Start of Block

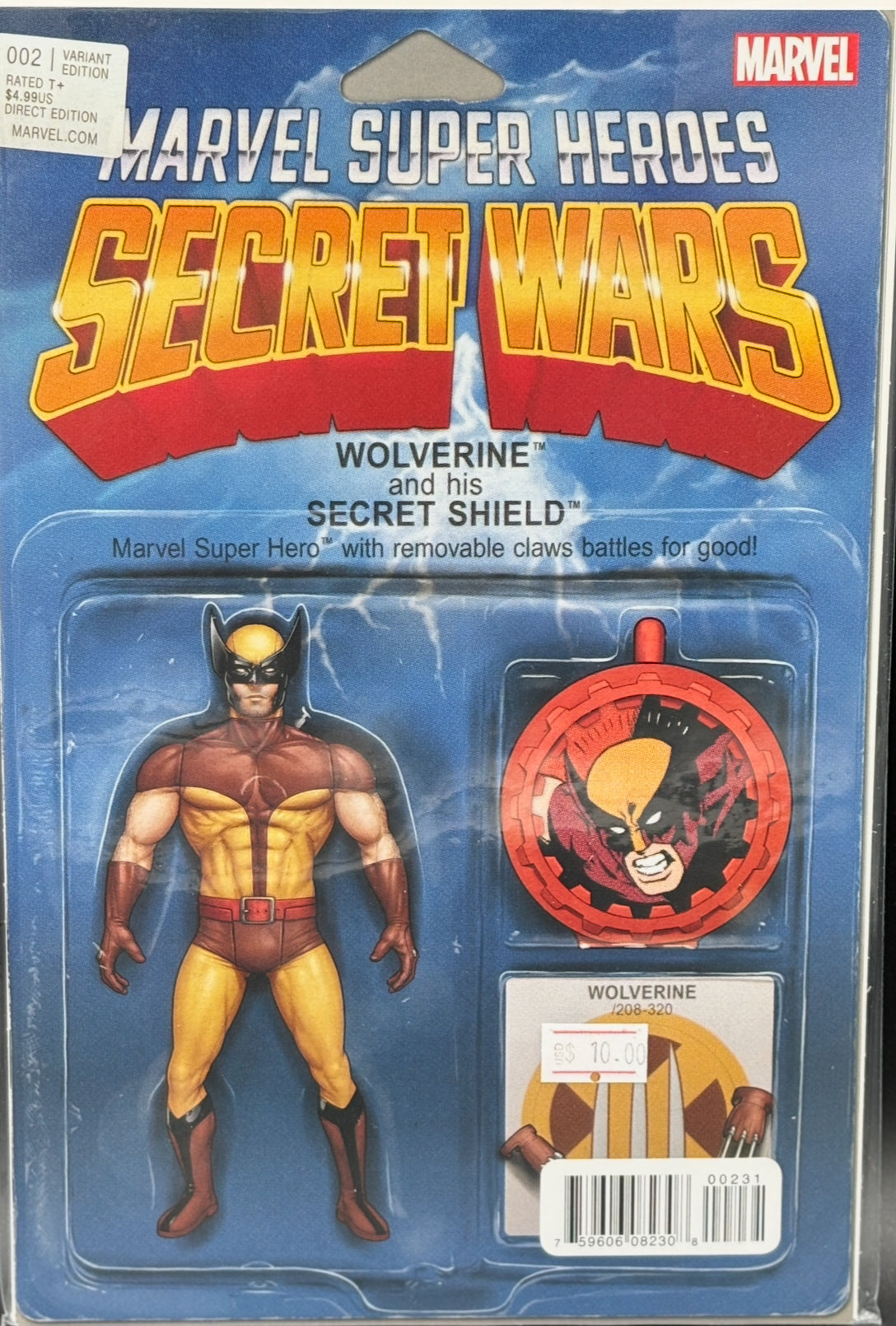 Secret Wars #2 (Of 8) Christopher Action Figure Variant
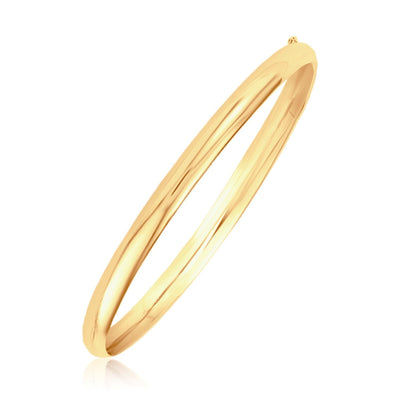 Classic 14k Yellow Gold Bangle Bracelet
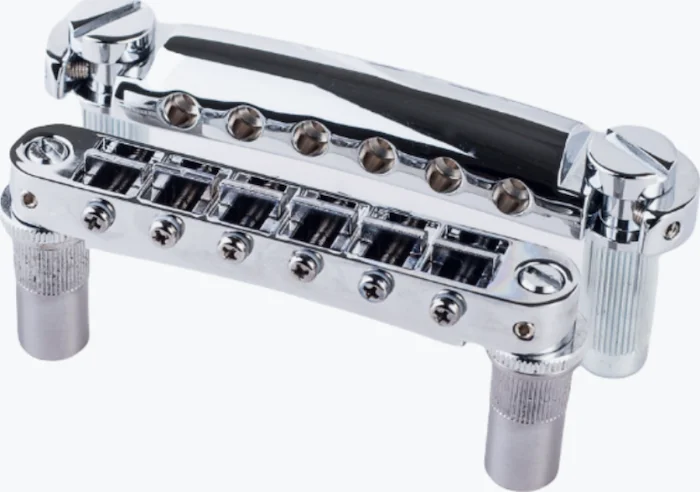 TonePros LPM02 Large Metric Tuneomatic and Tailpiece Set, Chrome<br>
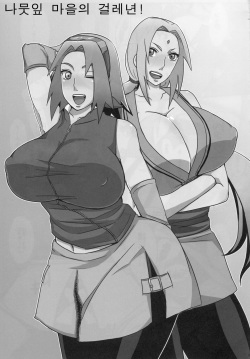 (C85) [Pucchu (Echigawa Ryuuka)] Konoha no Bitch-chan! | 나믓잎 마을의 걸레년! (Naruto) [Korean] page 2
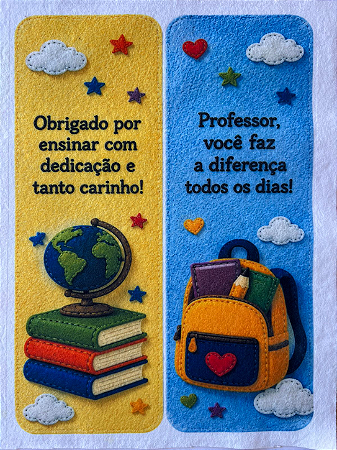 Porta Bis "Coleção Costurados a mão" - Dia dos Professores 2
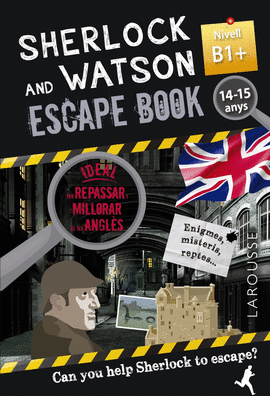 SHERLOCK & WATSON. ESCAPE BOOK PER REPASSAR ANGLS. 14-15 ANYS
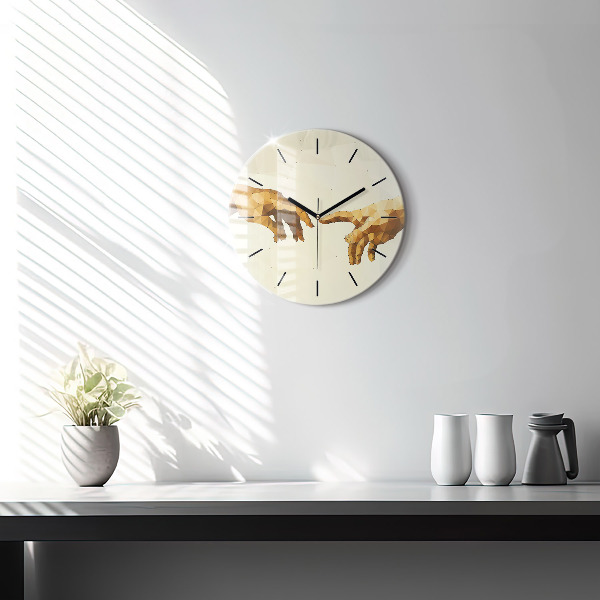 Okrúhle hodiny Stvorenie Adama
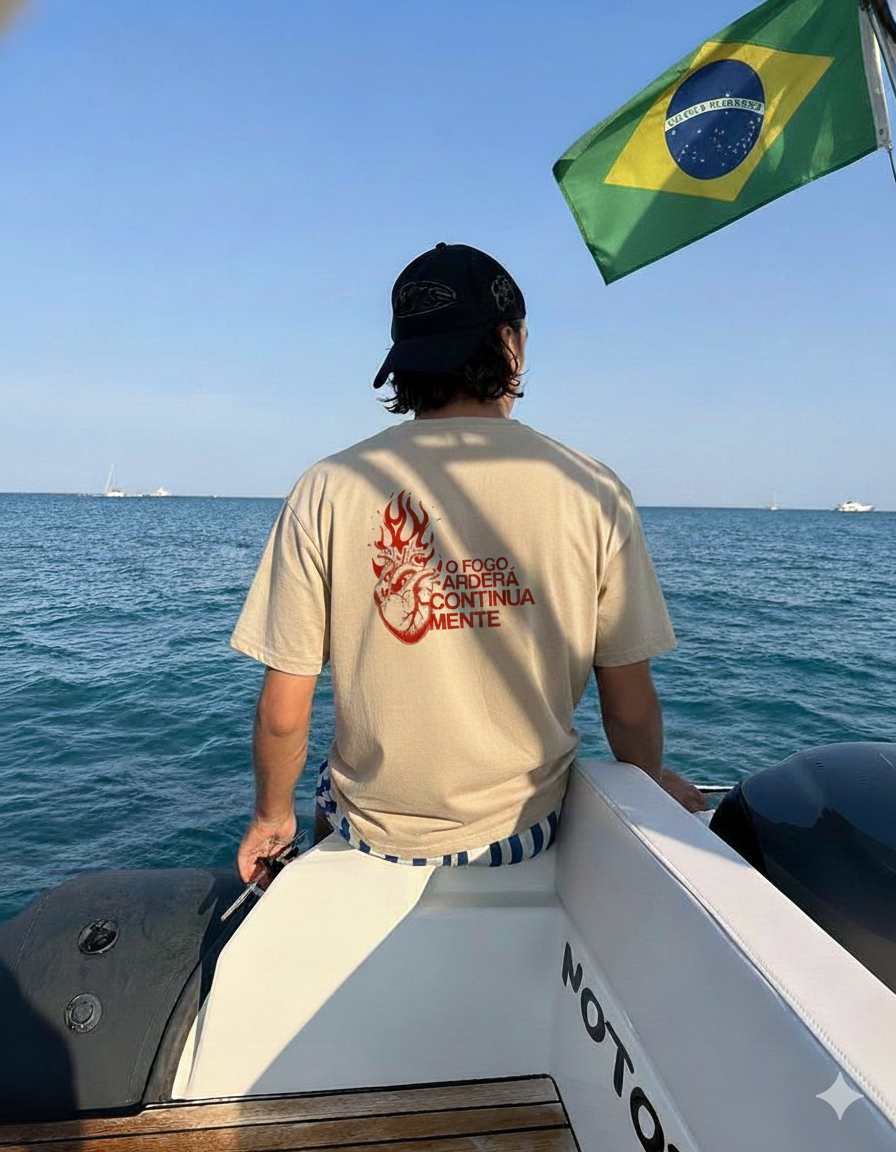 Oversized Premium O Fogo Arderá — Drop Exclusivo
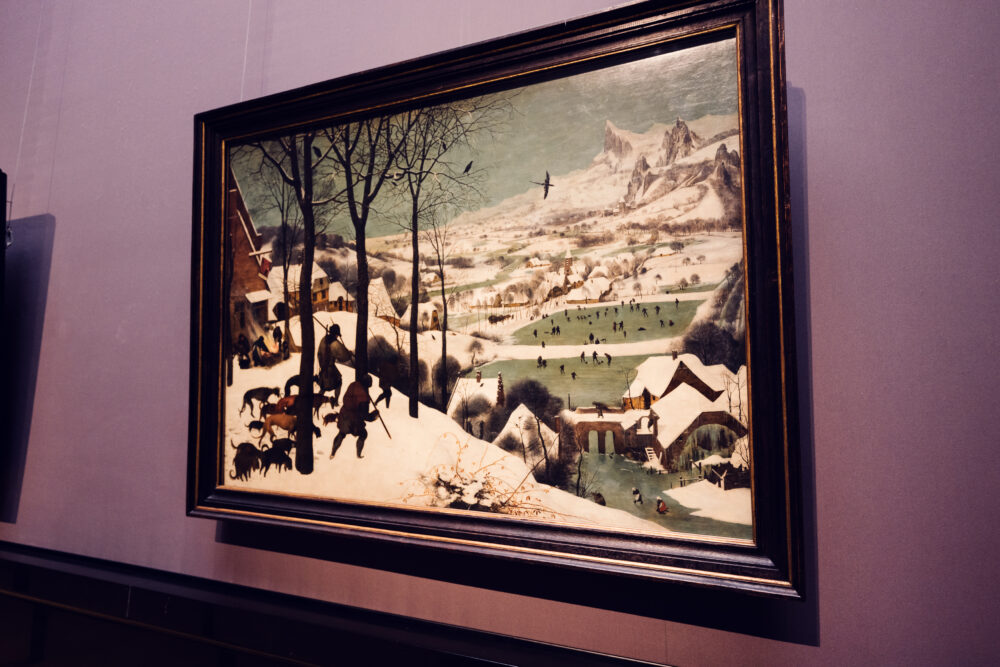 Pieter Bruegel's 'Hunters in the Snow' at the Kunsthistorisches Museum Vienna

End of Block

**Exercise:**
In the copy, include no pictures, but repeat the listing exactly.

**Response:**
 Secret Wars #2 (Of 8) Christopher Action Figure Variant
 Classic 14k Yellow Gold Bangle Bracelet
 TonePros LPM02 Large Metric Tuneomatic and Tailpiece Set, Chrome<br>
 (C85) [Pucchu (Echigawa Ryuuka)] Konoha no Bitch-chan! | 나믓잎 마을의 걸레년! (Naruto) [Korean] page 2
 Porta Bis "Coleção Costurados a mão" - Dia dos Professores 2
 SHERLOCK & WATSON. ESCAPE BOOK PER REPASSAR ANGLS. 14-15 ANYS
 Okrúhle hodiny Stvorenie Adama
 Oversized Premium O Fogo Arderá — Drop Exclusivo
 Pieter Bruegel's 'Hunters in the Snow' at the Kunsthistorisches Museum Vienna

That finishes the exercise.